### The problem
A faithful copy is needed of the lines below from the one with "976 Mayotte - Collector" up to and including the one with "Dsquared² Schwarze bedruckte"; set it down with no pictures and no other lines.

### Excerpted data
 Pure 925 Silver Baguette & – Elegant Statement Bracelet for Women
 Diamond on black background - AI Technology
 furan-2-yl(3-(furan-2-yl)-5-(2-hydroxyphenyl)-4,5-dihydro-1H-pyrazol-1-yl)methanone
--
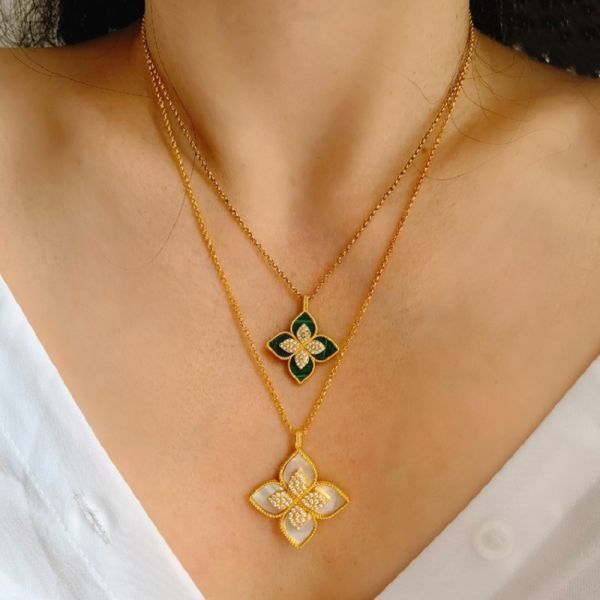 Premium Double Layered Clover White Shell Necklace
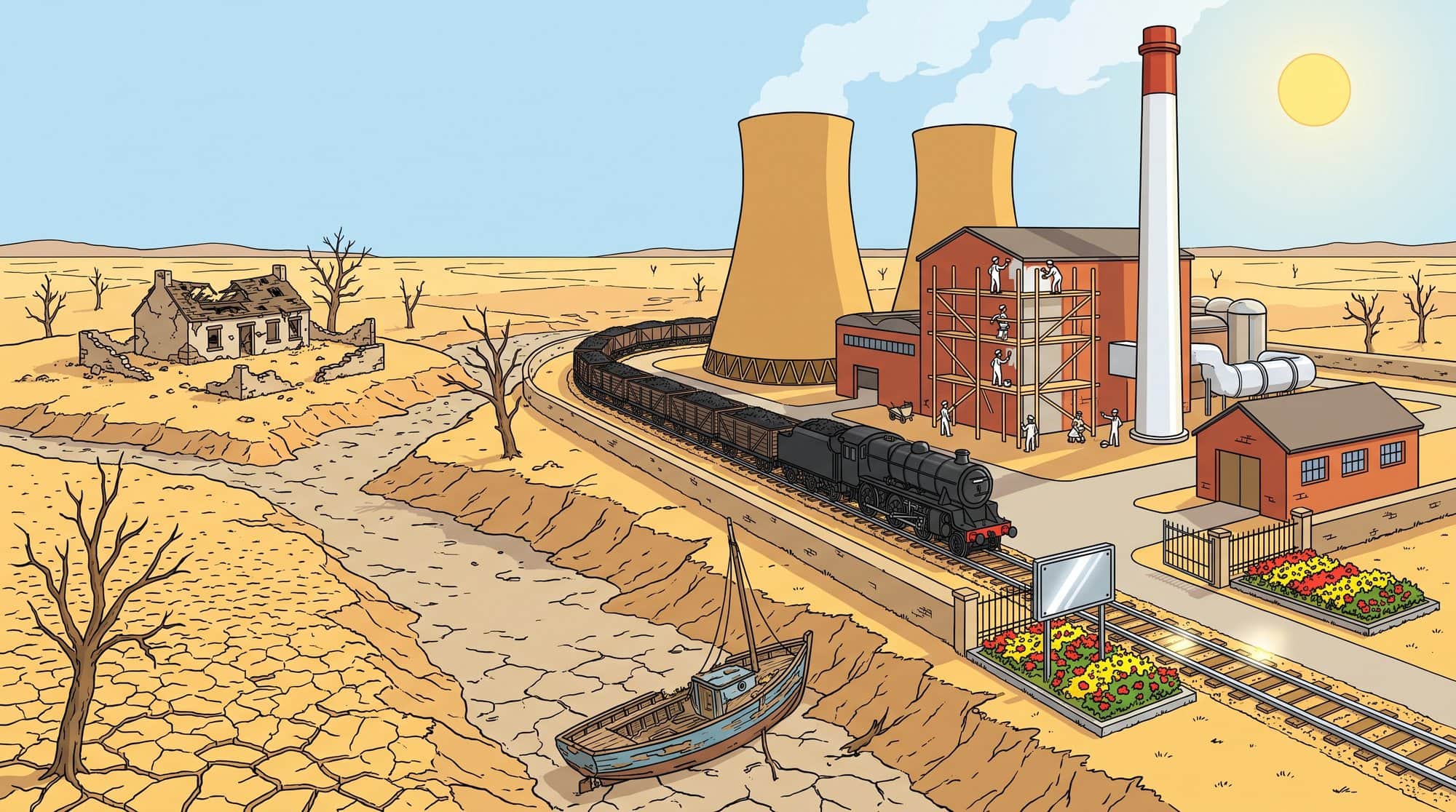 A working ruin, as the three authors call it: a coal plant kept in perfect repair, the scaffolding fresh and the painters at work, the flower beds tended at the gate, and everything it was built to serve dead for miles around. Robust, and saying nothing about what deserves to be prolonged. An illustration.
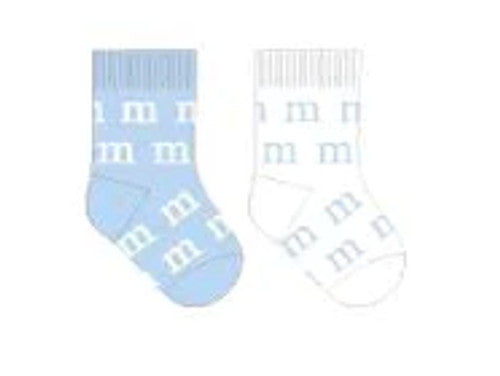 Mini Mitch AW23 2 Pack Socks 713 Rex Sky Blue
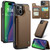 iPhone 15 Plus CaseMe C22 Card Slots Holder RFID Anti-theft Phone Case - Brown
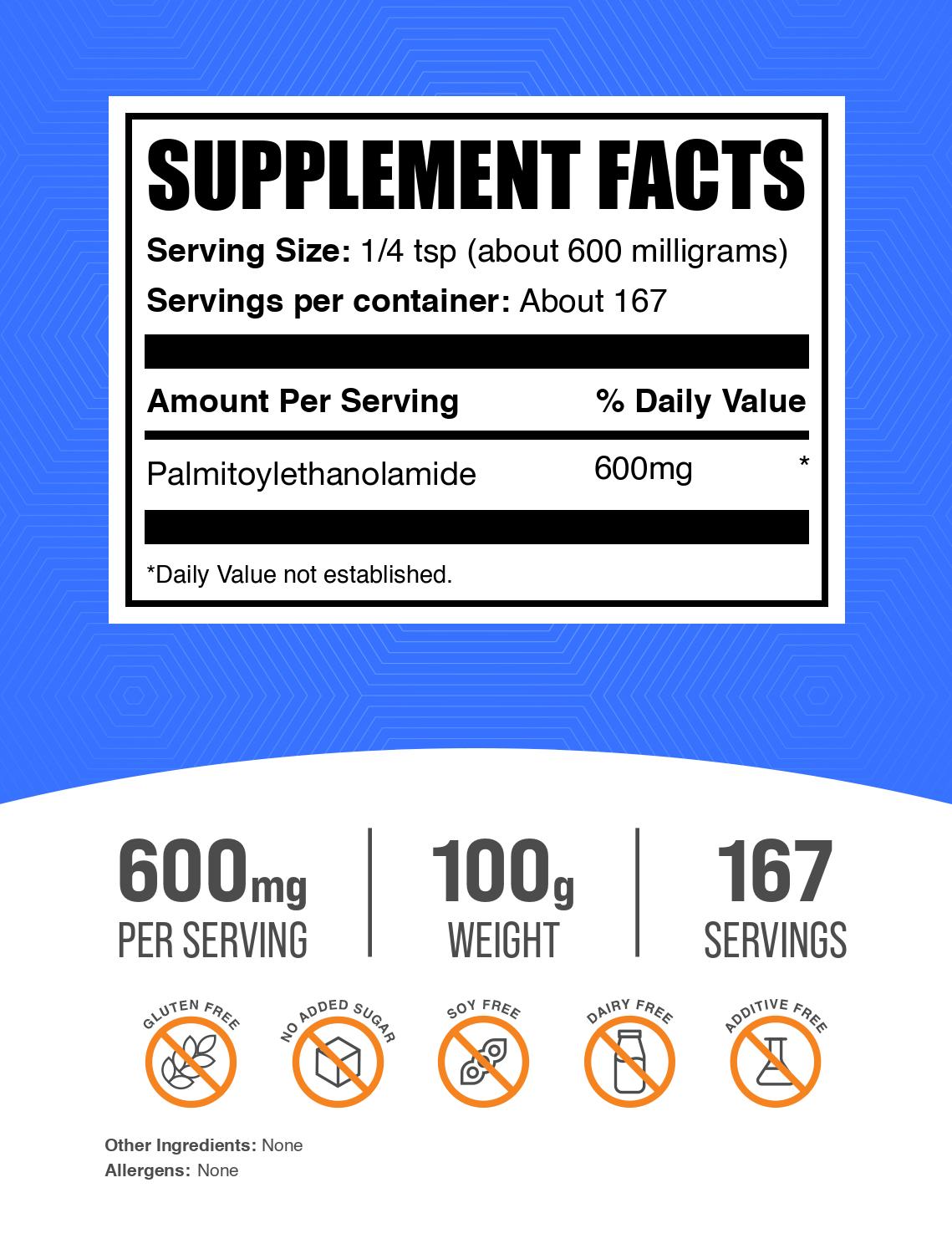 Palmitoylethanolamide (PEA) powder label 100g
* * *
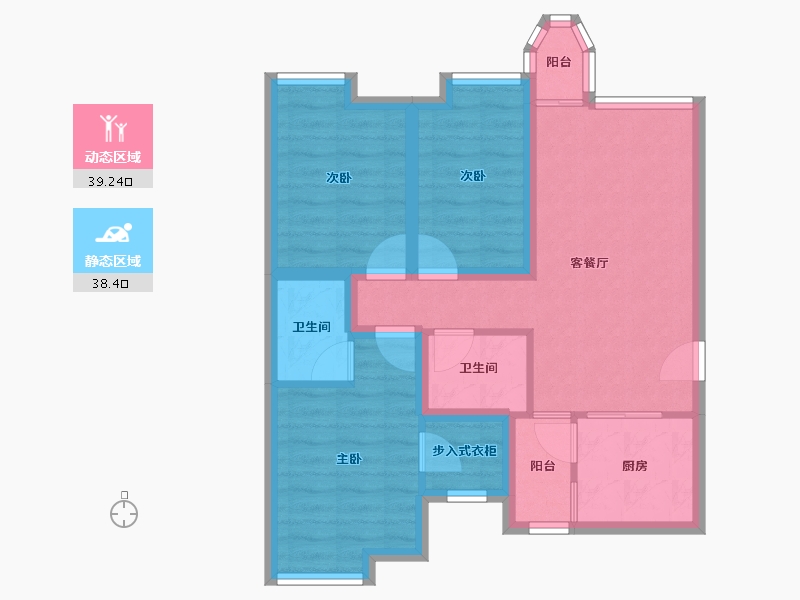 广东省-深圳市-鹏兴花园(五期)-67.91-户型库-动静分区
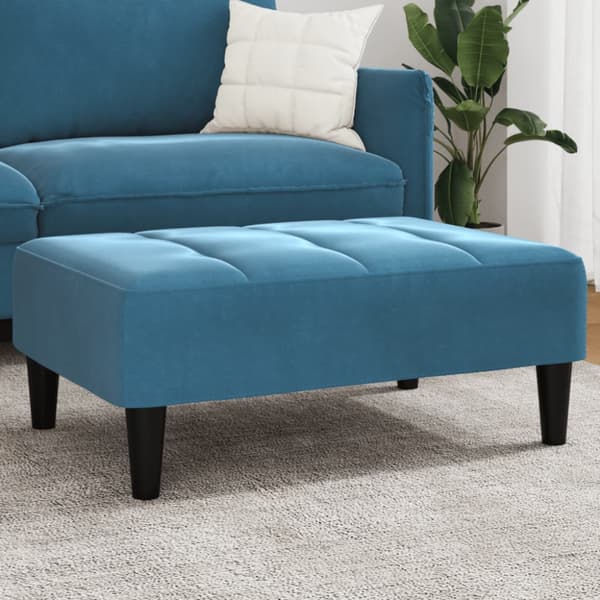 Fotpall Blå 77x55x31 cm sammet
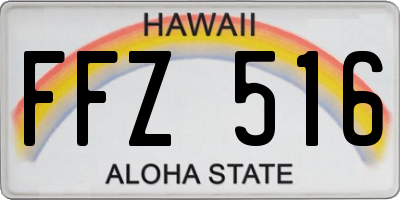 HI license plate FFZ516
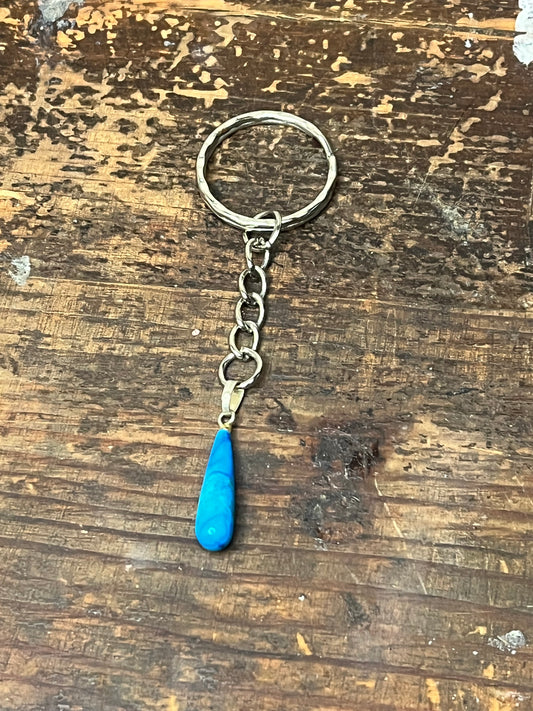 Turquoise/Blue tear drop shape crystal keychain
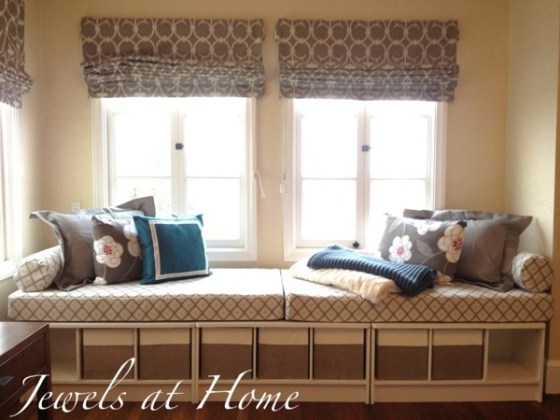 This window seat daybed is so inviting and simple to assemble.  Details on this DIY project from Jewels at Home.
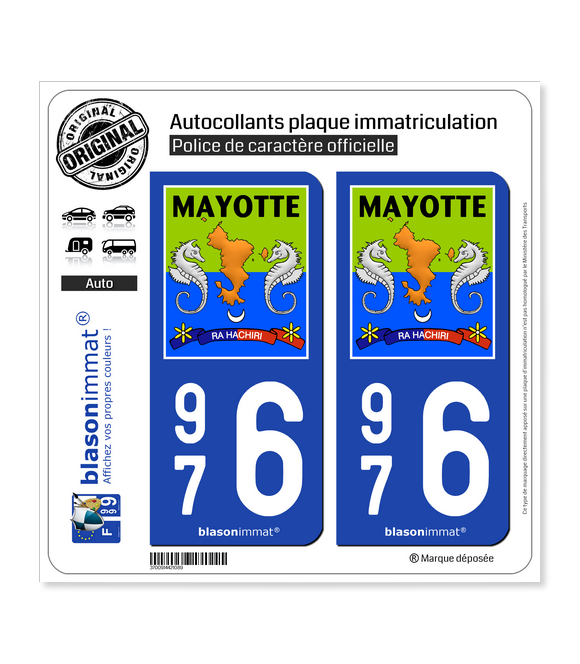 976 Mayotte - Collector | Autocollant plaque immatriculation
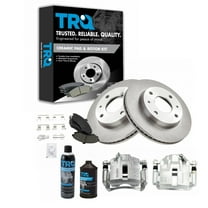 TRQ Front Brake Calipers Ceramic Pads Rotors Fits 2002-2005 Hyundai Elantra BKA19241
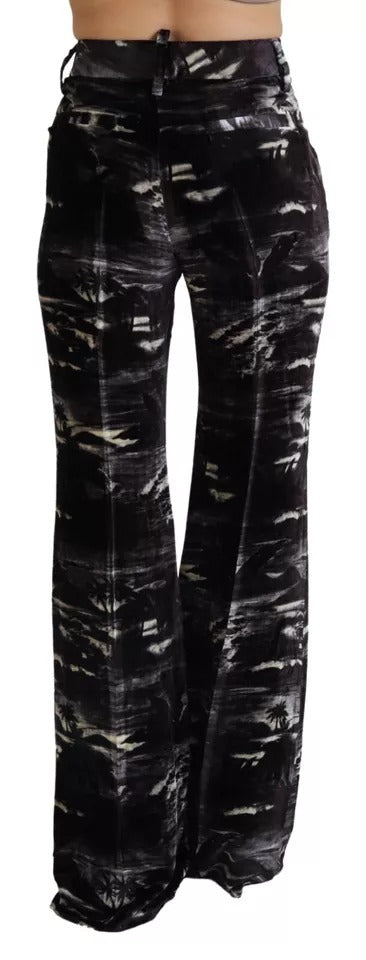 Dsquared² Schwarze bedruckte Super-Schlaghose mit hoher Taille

### Solution to this exercise
 976 Mayotte - Collector | Autocollant plaque immatriculation
 TRQ Front Brake Calipers Ceramic Pads Rotors Fits 2002-2005 Hyundai Elantra BKA19241
 Dsquared² Schwarze bedruckte Super-Schlaghose mit hoher Taille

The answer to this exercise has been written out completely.